715A.6 CREDIT CARDS. 1. A person commits a public offense by using a credit card for the purpose of obtaining property or services with knowledge of any of the following: a. The credit card is stolen or forged. b. The credit card has been revoked or canceled. c. For any other reason the use of the credit card is unauthorized. It is an affirmative defense to prosecution under paragraph "c" if the person proves by a preponderance of the evidence that the person had the intent and ability to meet all obligations to the issuer arising out of the use of the credit card. 2. An offense under this section is a class "C" felony if the value of the property or services secured or sought to be secured by means of the credit card is greater than ten thousand dollars.

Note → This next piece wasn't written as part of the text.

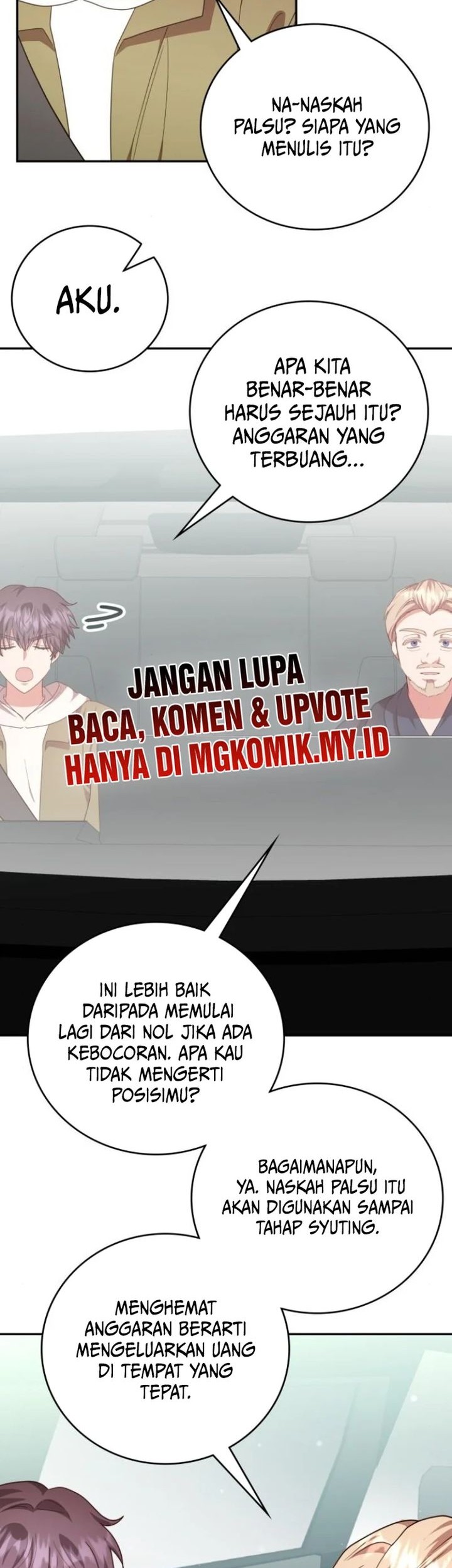 Halaman 36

If the value of the property or services secured or sought to be secured by means of the credit card is greater than one thousand dollars but not more than ten thousand dollars, an offense under this section is a class "D" felony, otherwise the offense is an aggravated misdemeanor. 3. For purposes of this section, the value of the property or services is the highest value of the property or services determined by any reasonable standard at the time the violation occurred. Any reasonable standard includes but is not limited to market value within the community, actual value, or replacement value. If property or services are secured by two or more acts from the same person or location, or from different persons by two or more acts which occur in approximately the same location or time period so that the acts are attributable to a single scheme, plan, or conspiracy, the acts may be considered as a single act and the value may be the total value of all property or services involved.

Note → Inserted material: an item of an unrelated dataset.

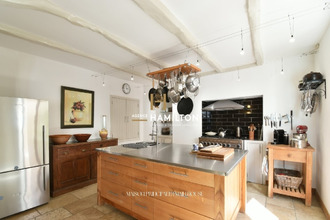 achat maison cordes-sur-ciel 81170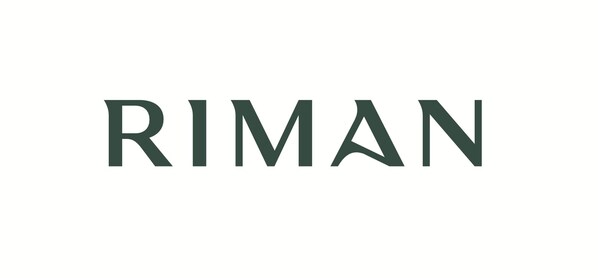 RIMAN’s Parent Company Announces Sponsored Research Agreement to Advance Araliadiol Using Organ-on-a-Chip Technology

         Section History: Recent Form

         87 Acts, ch 150, § 6; 92 Acts, ch 1060, § 7; 2003 Acts, ch 12, §1,
      2
        

715A.6A PROHIBITIONS RELATING TO FALSE ACADEMIC DEGREES, GRADES, OR HONORS. 1. As used in this section, "academic degree" means a diploma, certificate, license, transcript, or other document which signifies or purports to signify completion of the academic requirements of a secondary, postsecondary, professional, or governmental program of study. 2. A person commits a serious misdemeanor if the person, knowingly and willingly, does any of the following: a. Falsely makes or alters, procures to be falsely made or altered, or assists in falsely making or altering, an academic degree. b. Uses, offers, or presents as genuine, a falsely made or altered academic degree. c. Sells, gives, purchases, or obtains, procures to be sold, given, purchased, or obtained, or assists in selling, giving, buying, or obtaining, a false academic degree. d. Makes a false written representation relating to the person's academic grades, honors, or awards, or makes a false written representation that the person has received an academic degree from a specific secondary, postsecondary, professional institution, or governmental program of study, in an application for any of the following: (1) Employment. (2) Admission to an educational program. (3) An award or other recognition. (4) The issuance of an academic degree to the person.

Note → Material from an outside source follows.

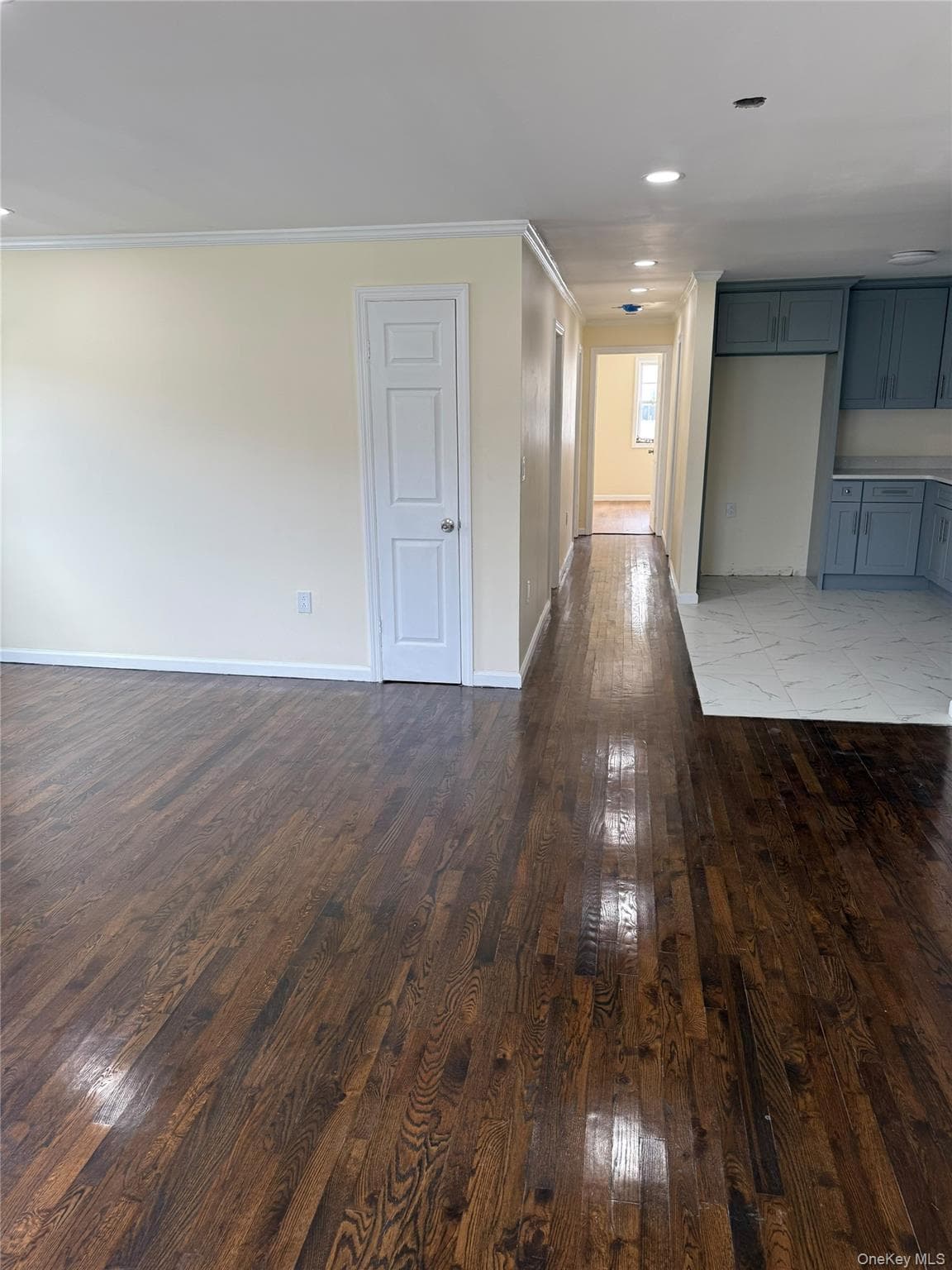 540 Beach 67th Street thumbnail 11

         Section History: Recent Form

         96 Acts, ch 1039, §1
        

715A.7 FILING MULTIPLE COUNTS IN ONE INFORMATION, INDICTMENT, OR COMPLAINT. A single information, indictment, or complaint charging a violation of a provision of this chapter may allege more than one such violation against a person. The multiple charges shall be set out in separate counts, and the accused person shall be acquitted or convicted upon each count by a separate verdict. A convicted person shall be sentenced upon each verdict of guilty. The court may consider separate verdicts of guilty returned at the same time as one offense for the purpose of sentencing.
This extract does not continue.